Victims have rights -- rights to information, to notification and, in some cases, compensation.
New York State has an entire article of law dedicated to serving the interests of crime victims. The Fair Treatment Standards for Crime Victims is contained within Article 23 of the Executive Law. The purpose of that act is to ensure that the State’s criminal justice system has appropriate standards for the treatment of innocent victims of crime. Much of the information contained in Article 23 is explained in OVS’s Rights of Crime Victims in New York State pamphlet which is designed to be an important resource for those who are facing the challenges associated with being a crime victim; it is an excellent source of information on victims’ rights relating to judicial proceedings, victim impact statements, restitution and much more.
A free copy of the police report
A free copy of the police report, even if there was no physical injury.
Payment waiver of fees
Payment waiver of fees for replacing driver’s license, permit, registration and license plates which were lost or stolen as a result of a crime.
Have Law enforcement & DA inform employers
Have law enforcement and the District Attorney inform employers that the criminal case may require work absences. They can also explain the circumstances of the crime to creditors.
Not to be penalized by an employer
Not to be penalized by an employer when appearing as a witness in a criminal proceeding, consulting with prosecutors or exercising other rights under the law. A violation of this law by an employer is a B misdemeanor. Employers, however, may withhold wages in these situations.
Notice of discharge, release or escape
Notice of discharge, release or escape of offender from a correctional facility. The District Attorney has a form to be completed in order to stay informed.

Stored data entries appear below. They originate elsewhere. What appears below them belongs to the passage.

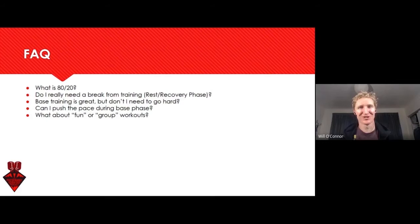Rest and recovery are maybe perceived as weakness words in our world. But if we call it an 'adaptation phase' or a 'supercompensation week,' it might spruce it up — you know, the less you do, the greater athlete you become during this week. And probably for the athlete that goes from the extreme of whatever they were doing to nothing, that's probably really applicable and proactive for them.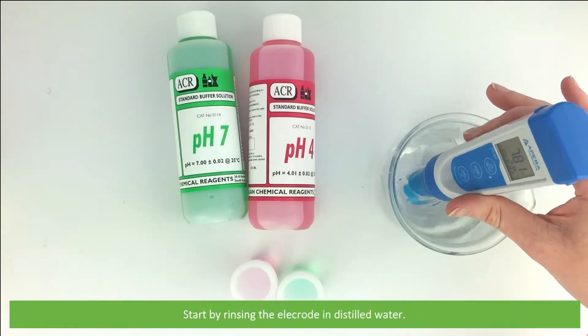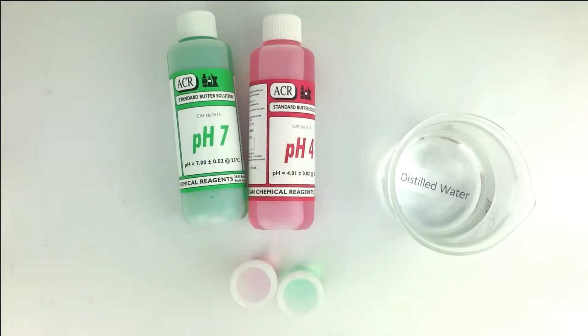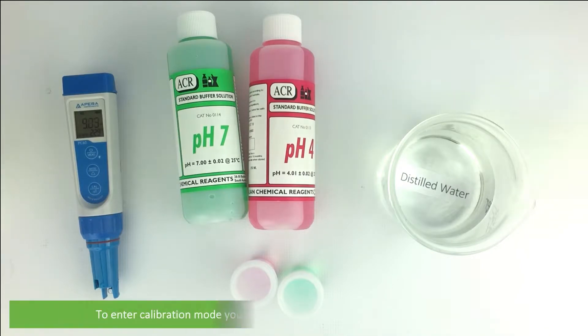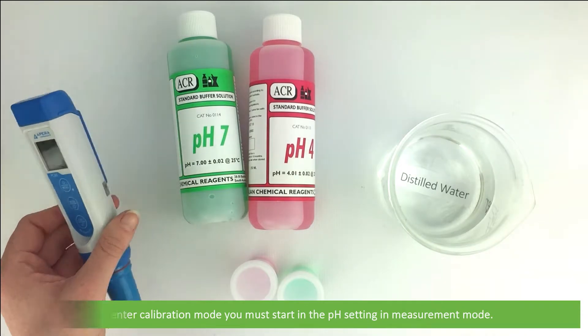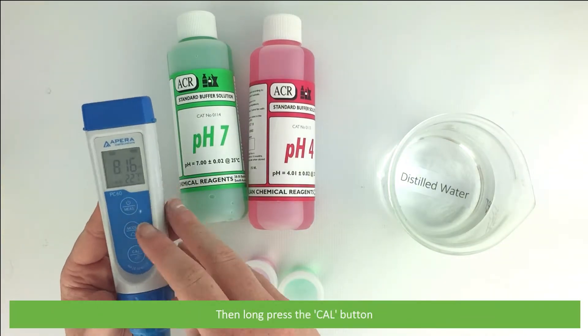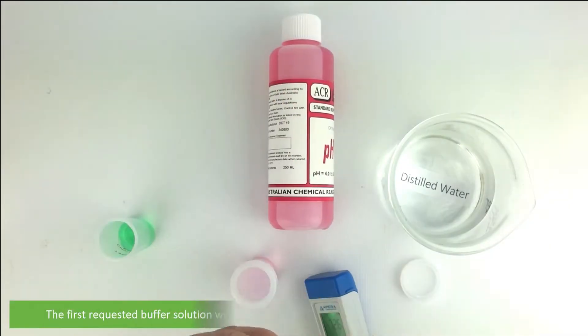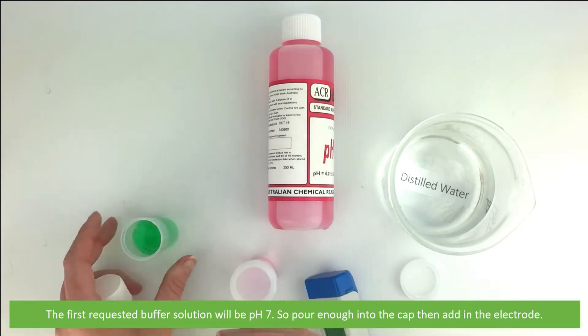Start by rinsing the electrode in distilled water. Then to enter calibration mode, start in the pH setting in measurement mode then long press the cal button. The first requested buffer solution will be pH 7, so pour enough into the cap and add the electrode.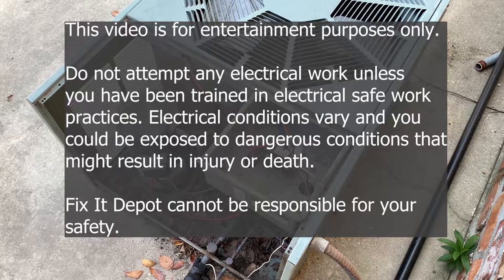Please do not do any electrical work unless you've been trained in safe work practices or you're working under the supervision of a trained electrician. Please like the video and subscribe to our channel. Thank you for watching.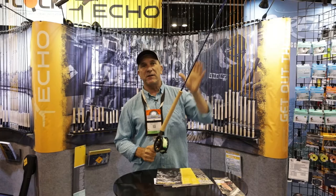The new Echo Swing series of rods come in a 6, 7, and 8 weight in a switch rod, and a 6, 7, and 8 in a spey rod.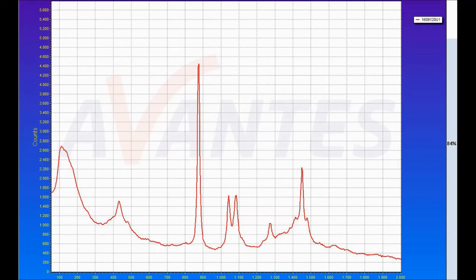This signal contains the fingerprint of the material under investigation. For analysis of this small signal, it is very important that there are no disturbing artefacts and that the small peaks can be clearly distinguished from the background.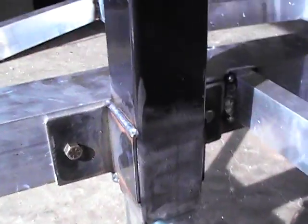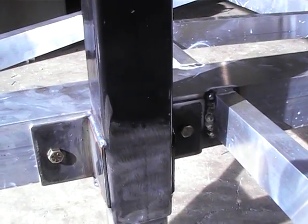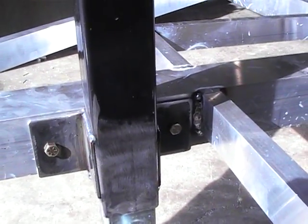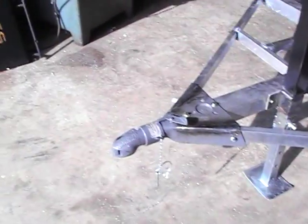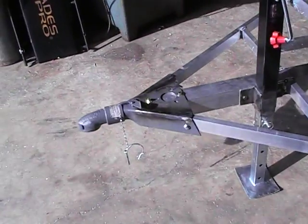We'll make a little custom bracket. The only way we can get the jack to stay on and drop the jack on it. We didn't know when we started building it — they didn't make these for aluminum. As you see, it looks really good.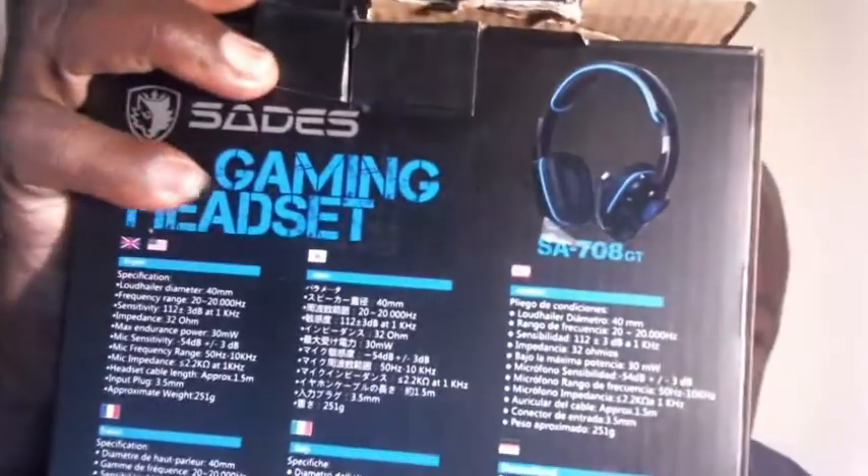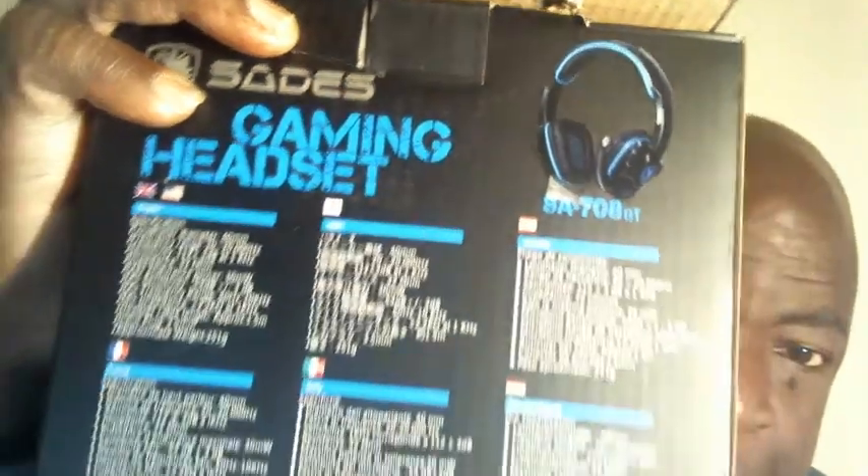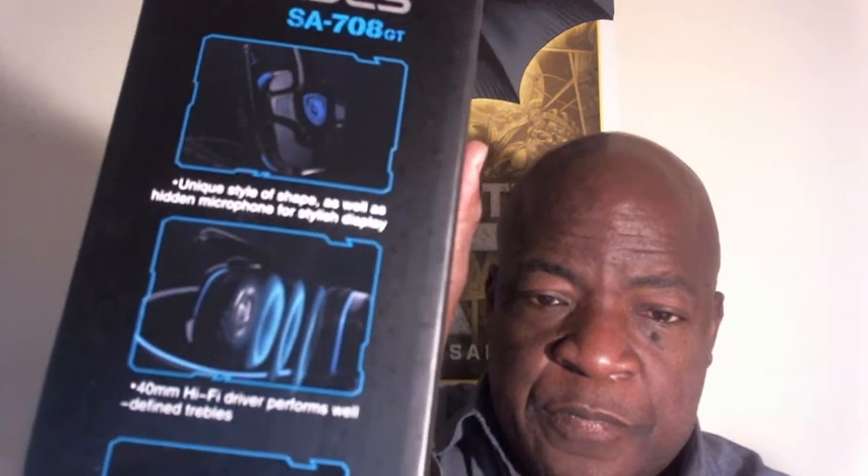Let me show you some specs real quick — let's see if you can check out the specs. What I also like about it is it has a unique style shape that fits to your head. It has a really, really cool microphone — I'll tell you more about that. And right here it says hi-fi, which defines the treble — I'll explain that in a minute.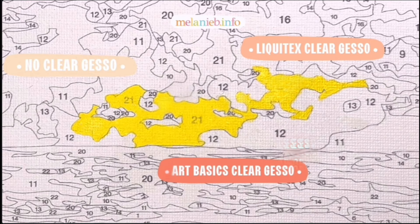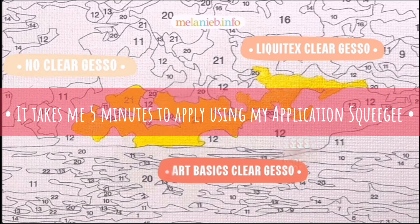Although I do really like the Art Basics, I have found that the Liquitex works best with certain colors for its coverage. The purpose of this video was to address the big gesso debate and whether or not it is worth the time or the money to use it on your paint-by-number canvas before you start.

The New York Victim Information and Notification Everyday (VINE) system provides up to date information about the custody status of offenders via the telephone or internet. Crime victims and other New Yorkers can call 888-VINE-4NY (888-846-3469) or go to www.vinelink.com
to secure information about incarcerated defendants. By providing an inmate’s identification number or date of birth, which you can obtain from the District Attorney, you can learn sentencing and release information. You may also register with VINE for automatic notification by telephone when the inmate is released.
Be notified of criminal proceedings.
Be notified of criminal proceedings.Victims who provide a current address and telephone number to the District Attorney have the right to be notified of the accused’s: arrest; first appearance before a judge; release from jail while the criminal proceeding is pending; entry of a guilty plea, trial and sentencing; maximum and minimum terms of imprisonment if the offender is sentenced to prison and parole hearing date.
Freedom from intimidation, threats or harassment.
Freedom from intimidation, threats or harassment. Intimidating a victim or a witness is a felony, apart from any charges the accused may already face. If you are threatened or your property is damaged by anyone connected to your case, you should contact the District Attorney’s office and law enforcement immediately.
File for victim compensation and assistance
File for victim compensation and assistance with the New York State Office of Victim Services. Victims of physical injury or relatives of murder victims are entitled to out-of-pocket expenses incurred as a result of the crime. These expenses may include the repair or replacement of Damaged property, loss of earnings or support, medical and counseling bills, crime scene cleanup or funeral expenses. Crime victims may also be eligible for transportation expenses incurred for necessary court appearances. Kidnapping, stalking and unlawful imprisonment victims may be eligible for an award to cover loss of earnings or support, unreimbursed costs for counseling, rehabilitative training and the costs of damaged essential personal property and security devices. Claims must be filed within one year of the crime or within one year of the victim’s death.
You can obtain a claim form from the police, the District Attorney, a hospital emergency room, the Office of Victim Services or from the Office of the Attorney General. Assistance is also available from other programs such as rape crisis centers and domestic violence and child abuse programs. Ask the District Attorney’s office for referrals.